§ Material provided:
┄┄┄┄┄┄┄┄┄┄
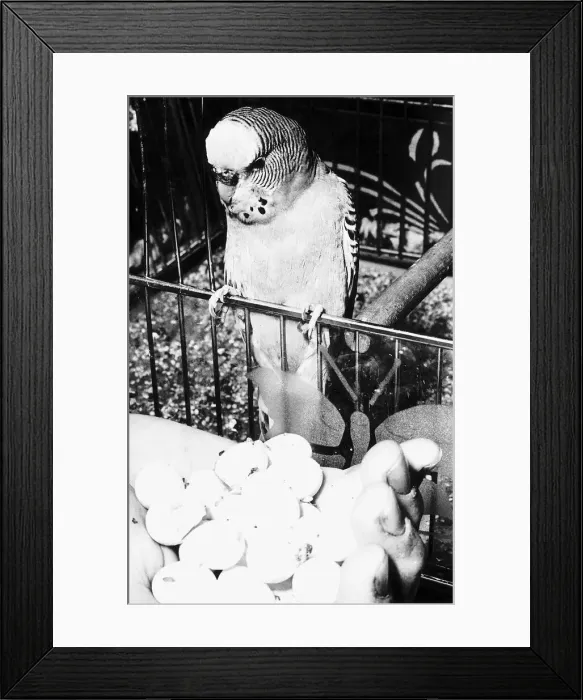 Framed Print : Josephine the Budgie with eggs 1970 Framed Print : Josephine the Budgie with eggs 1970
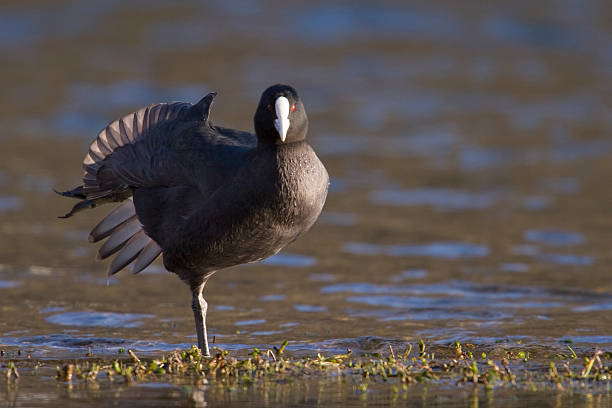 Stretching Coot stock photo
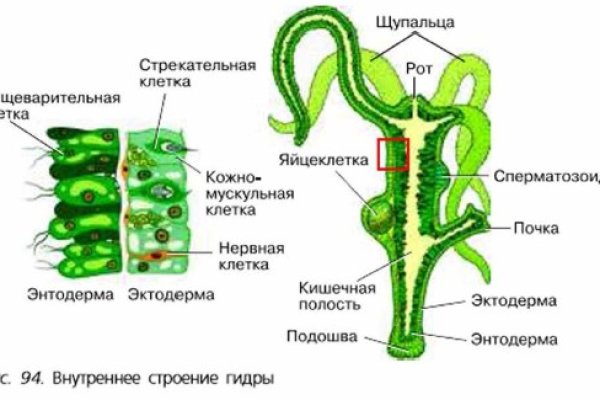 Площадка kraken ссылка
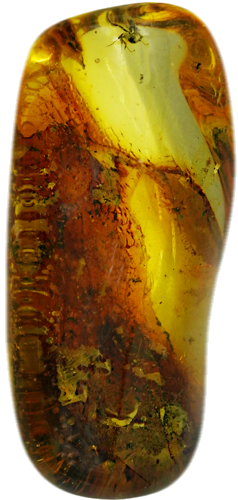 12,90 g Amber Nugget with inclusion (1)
┄┄┄┄┄┄┄┄┄┄
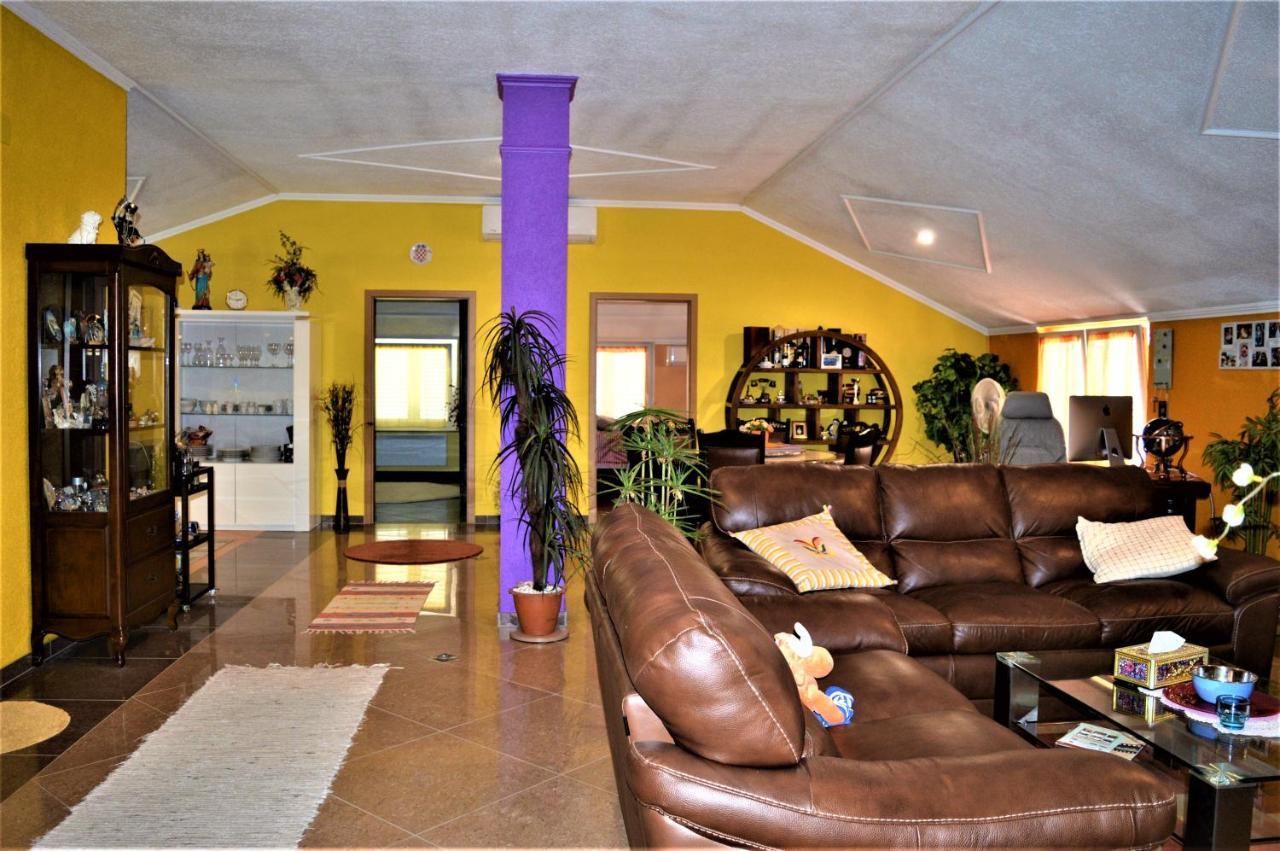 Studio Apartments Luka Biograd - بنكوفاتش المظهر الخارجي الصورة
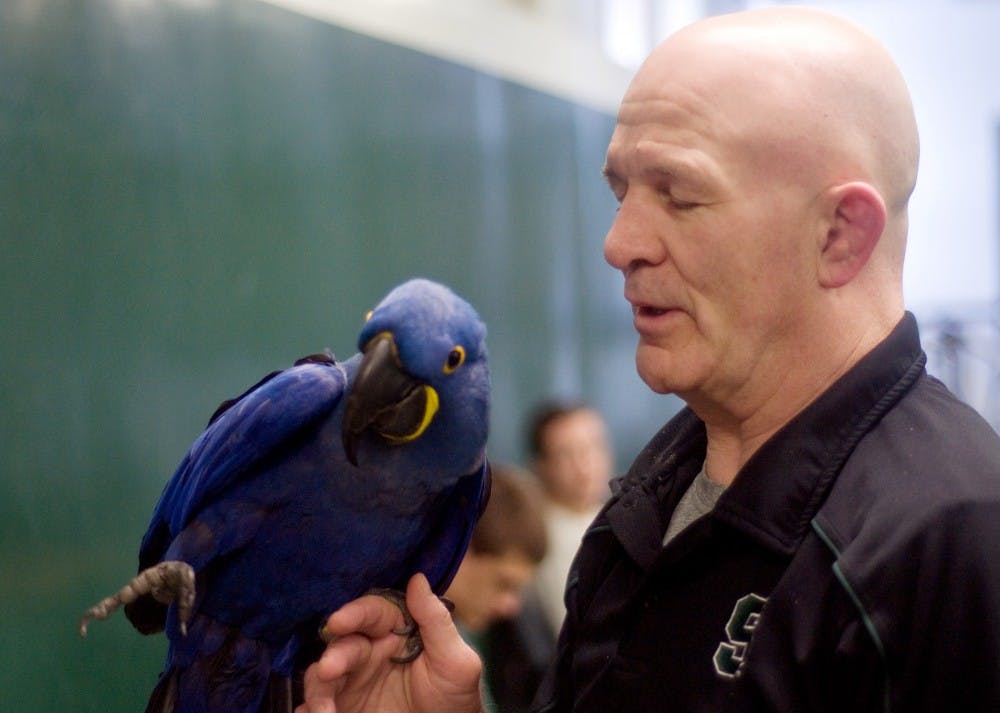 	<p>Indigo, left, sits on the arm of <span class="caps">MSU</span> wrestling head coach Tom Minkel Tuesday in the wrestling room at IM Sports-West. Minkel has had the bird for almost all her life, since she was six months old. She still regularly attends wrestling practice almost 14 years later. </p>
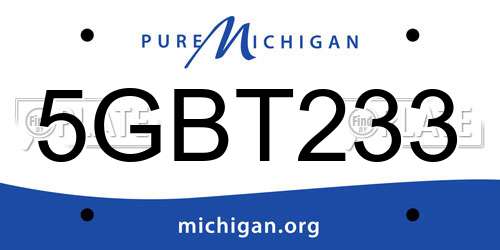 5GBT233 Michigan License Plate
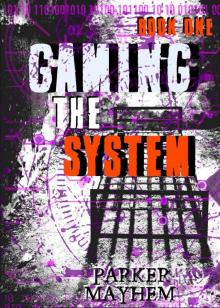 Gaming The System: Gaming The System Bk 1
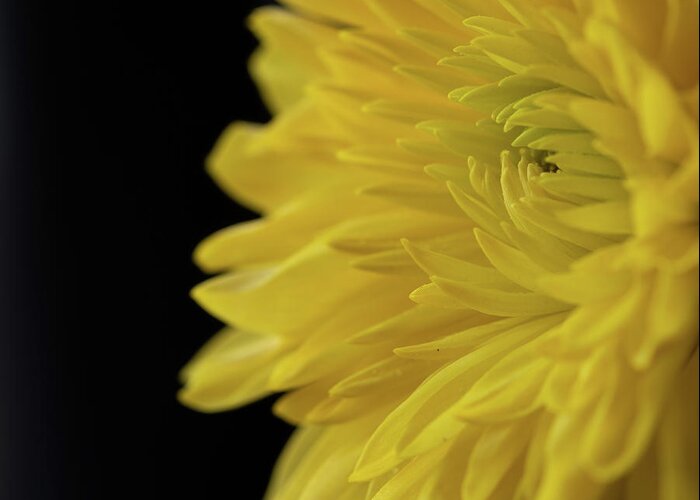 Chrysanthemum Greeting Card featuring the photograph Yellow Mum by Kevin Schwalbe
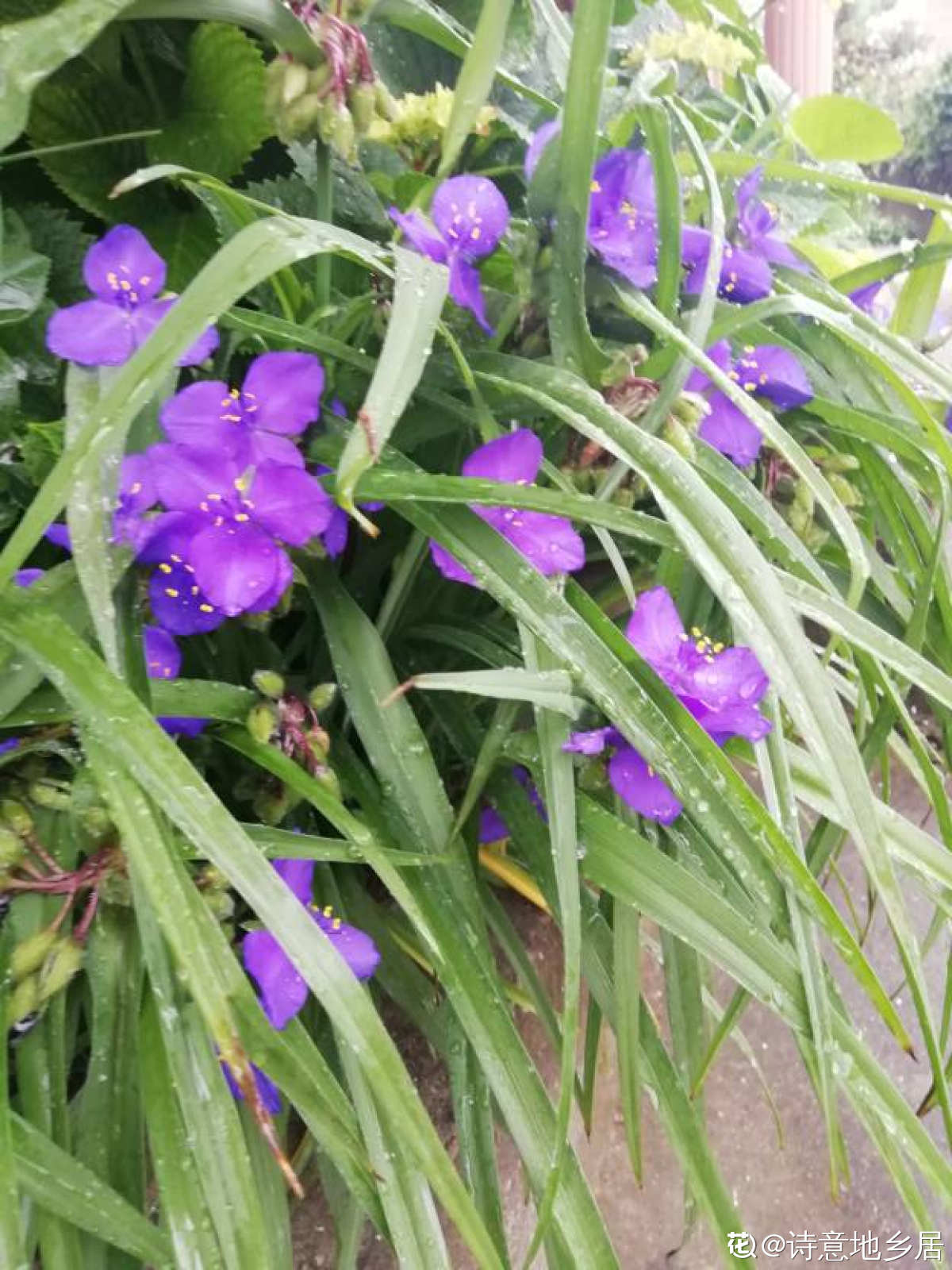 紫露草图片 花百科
┄┄┄┄┄┄┄┄┄┄
§ Problem: Although the records above contain pictures, the copy must not; set down exactly the lines from the one with "Площадка kraken ссылка" up to and including the one with "12,90 g Amber Nugget with inclusion (1)".

§ Written answer:
 Площадка kraken ссылка
 12,90 g Amber Nugget with inclusion (1)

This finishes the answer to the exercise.